A pesquisa, realizada pelo Grupo Catho, junto a 12.122 profissionais de empresas privadas de todo o País, apontou que 9,93% das pessoas demonstraram ficar atraídas pela companhia que fez a proposta.

A necessidade de manter-se ativo e inserido no mercado, que está cada vez mais competitivo, refletiu nas respostas de 18,54% dos entrevistados, que declararam ter aceitado a última oferta de emprego por “falta de opção”. Já o gosto pelo tipo de trabalho foi a terceira razão mais mencionada, reunindo 11,28% dos profissionais.

Diferentemente daquilo que se esperava, os fatores financeiros se mostraram bem menos influentes na decisão de mudar de emprego.
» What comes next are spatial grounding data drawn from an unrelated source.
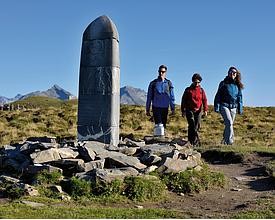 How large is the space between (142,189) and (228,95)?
6.67m

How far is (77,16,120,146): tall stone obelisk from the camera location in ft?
46.9

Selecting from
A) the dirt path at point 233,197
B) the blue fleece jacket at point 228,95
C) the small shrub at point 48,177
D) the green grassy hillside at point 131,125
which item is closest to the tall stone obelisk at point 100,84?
the blue fleece jacket at point 228,95

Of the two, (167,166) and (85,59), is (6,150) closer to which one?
(85,59)

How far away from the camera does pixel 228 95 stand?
15.2m

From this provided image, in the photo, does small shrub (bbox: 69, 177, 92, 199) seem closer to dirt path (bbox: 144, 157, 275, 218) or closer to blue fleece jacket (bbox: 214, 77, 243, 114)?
dirt path (bbox: 144, 157, 275, 218)

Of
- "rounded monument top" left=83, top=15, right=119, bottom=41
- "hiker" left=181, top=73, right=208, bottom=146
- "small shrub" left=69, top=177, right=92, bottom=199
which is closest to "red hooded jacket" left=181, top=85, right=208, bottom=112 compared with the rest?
"hiker" left=181, top=73, right=208, bottom=146

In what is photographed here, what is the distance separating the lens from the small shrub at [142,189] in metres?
9.34

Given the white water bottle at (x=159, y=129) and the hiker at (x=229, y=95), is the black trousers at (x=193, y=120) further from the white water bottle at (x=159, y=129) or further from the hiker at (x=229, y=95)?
the white water bottle at (x=159, y=129)

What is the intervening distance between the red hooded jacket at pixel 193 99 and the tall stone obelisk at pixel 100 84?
2132 mm

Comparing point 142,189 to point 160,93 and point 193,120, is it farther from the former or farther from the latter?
point 160,93

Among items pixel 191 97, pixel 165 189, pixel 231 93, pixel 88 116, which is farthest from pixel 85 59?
pixel 165 189

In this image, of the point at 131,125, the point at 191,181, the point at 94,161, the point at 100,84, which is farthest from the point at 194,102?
the point at 131,125

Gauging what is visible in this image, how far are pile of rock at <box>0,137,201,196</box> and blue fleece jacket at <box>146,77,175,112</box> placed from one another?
10.7 ft

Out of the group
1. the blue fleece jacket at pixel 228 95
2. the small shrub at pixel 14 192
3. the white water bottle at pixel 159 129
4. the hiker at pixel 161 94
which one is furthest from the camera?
the white water bottle at pixel 159 129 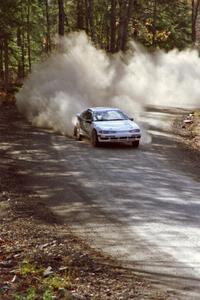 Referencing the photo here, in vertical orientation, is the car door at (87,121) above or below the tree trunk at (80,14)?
below

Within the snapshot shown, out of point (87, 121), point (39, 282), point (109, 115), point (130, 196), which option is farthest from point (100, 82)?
point (39, 282)

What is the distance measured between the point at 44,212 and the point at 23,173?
485 centimetres

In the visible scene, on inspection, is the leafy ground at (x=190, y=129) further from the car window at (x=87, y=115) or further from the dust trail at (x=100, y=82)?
the car window at (x=87, y=115)

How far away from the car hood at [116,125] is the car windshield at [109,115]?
1.32 ft

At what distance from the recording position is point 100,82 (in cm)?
3812

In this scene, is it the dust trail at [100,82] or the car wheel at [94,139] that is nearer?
the car wheel at [94,139]

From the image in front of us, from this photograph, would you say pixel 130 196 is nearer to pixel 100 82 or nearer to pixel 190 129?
pixel 190 129

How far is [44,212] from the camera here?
13.0m

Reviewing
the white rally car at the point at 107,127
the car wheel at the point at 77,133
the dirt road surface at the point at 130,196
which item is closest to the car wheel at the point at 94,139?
the white rally car at the point at 107,127

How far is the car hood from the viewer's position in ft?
72.0

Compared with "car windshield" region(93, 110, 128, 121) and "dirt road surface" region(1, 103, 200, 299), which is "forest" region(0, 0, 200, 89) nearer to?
"car windshield" region(93, 110, 128, 121)

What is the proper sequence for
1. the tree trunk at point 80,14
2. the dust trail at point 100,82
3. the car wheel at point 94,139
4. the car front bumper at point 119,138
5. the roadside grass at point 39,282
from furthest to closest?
the tree trunk at point 80,14, the dust trail at point 100,82, the car wheel at point 94,139, the car front bumper at point 119,138, the roadside grass at point 39,282

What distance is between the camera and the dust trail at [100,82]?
30.6m

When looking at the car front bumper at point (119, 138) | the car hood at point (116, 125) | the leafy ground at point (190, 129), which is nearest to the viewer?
the car front bumper at point (119, 138) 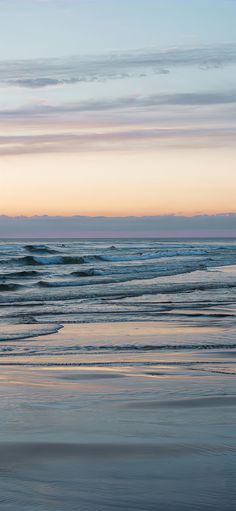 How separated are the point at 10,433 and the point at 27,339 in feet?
19.4

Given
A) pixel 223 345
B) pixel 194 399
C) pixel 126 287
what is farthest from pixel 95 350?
pixel 126 287

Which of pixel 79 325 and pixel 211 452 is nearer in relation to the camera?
pixel 211 452

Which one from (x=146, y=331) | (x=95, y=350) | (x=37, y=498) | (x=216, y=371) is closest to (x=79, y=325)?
(x=146, y=331)

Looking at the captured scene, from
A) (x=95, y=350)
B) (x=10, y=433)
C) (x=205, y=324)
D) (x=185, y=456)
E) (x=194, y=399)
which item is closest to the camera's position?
(x=185, y=456)

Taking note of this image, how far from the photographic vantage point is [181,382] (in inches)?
291

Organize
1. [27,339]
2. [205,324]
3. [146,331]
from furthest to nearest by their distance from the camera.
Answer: [205,324] < [146,331] < [27,339]

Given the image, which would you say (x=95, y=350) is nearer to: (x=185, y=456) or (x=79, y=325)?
(x=79, y=325)

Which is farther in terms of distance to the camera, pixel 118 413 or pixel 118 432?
pixel 118 413

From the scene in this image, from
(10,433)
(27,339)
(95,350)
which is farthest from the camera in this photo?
(27,339)

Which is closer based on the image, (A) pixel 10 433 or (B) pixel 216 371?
(A) pixel 10 433

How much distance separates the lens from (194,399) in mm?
6531

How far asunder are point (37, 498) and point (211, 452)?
4.49ft

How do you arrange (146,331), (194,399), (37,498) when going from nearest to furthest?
1. (37,498)
2. (194,399)
3. (146,331)

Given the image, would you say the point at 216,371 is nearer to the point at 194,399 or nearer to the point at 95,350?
the point at 194,399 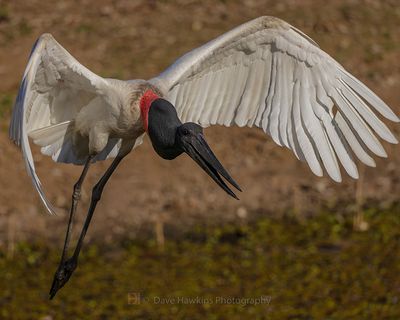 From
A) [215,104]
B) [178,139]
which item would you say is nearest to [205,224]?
[215,104]

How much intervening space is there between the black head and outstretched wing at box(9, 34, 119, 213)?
2.03 feet

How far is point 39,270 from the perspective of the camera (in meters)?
14.7

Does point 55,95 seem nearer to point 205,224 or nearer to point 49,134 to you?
point 49,134

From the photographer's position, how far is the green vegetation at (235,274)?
13695mm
O aumento salarial ocupou apenas o quinto lugar no ranking das razões que levaram à aceitação de um novo trabalho, sendo apontado por 7,22% das respostas.

“Esse resultado é preciso ser levado em conta. Afinal, na prática o salário é um item que pesa e muito na aceitação da proposta”, argumenta a supervisora do serviço de Consultoria Virtual da Catho Online, Glaucia Costa.

Carreira - Para ela, trocar um emprego por outro onde se ganhe menos só será vantajoso se o profissional ocupar um cargo de ascensão profissional.

O aumento nos benefícios foi o fator menos considerado: apenas 1,66% dos entrevistados indicaram esse quesito como sendo principal.

Outros fatores - Parte dos entrevistados colocou em xeque outros fatores que seriam decisivos para mudar de empresa, tais como qualidade de vida do profissional: 5,83% dos entrevistados citaram diretamente essa razão; 2,29% afirmaram ter aceitado um novo emprego que permitisse ficar mais tempo com a família e 2,18% disseram que trocaram de empregador para trabalhar mais perto de casa.

Prioridades - “Pessoas que têm uma certa estabilidade profissional e que já constituíram uma família, que têm filhos, já não priorizam tanto o dinheiro ou o crescimento profissional. Há outras prioridades”, explica.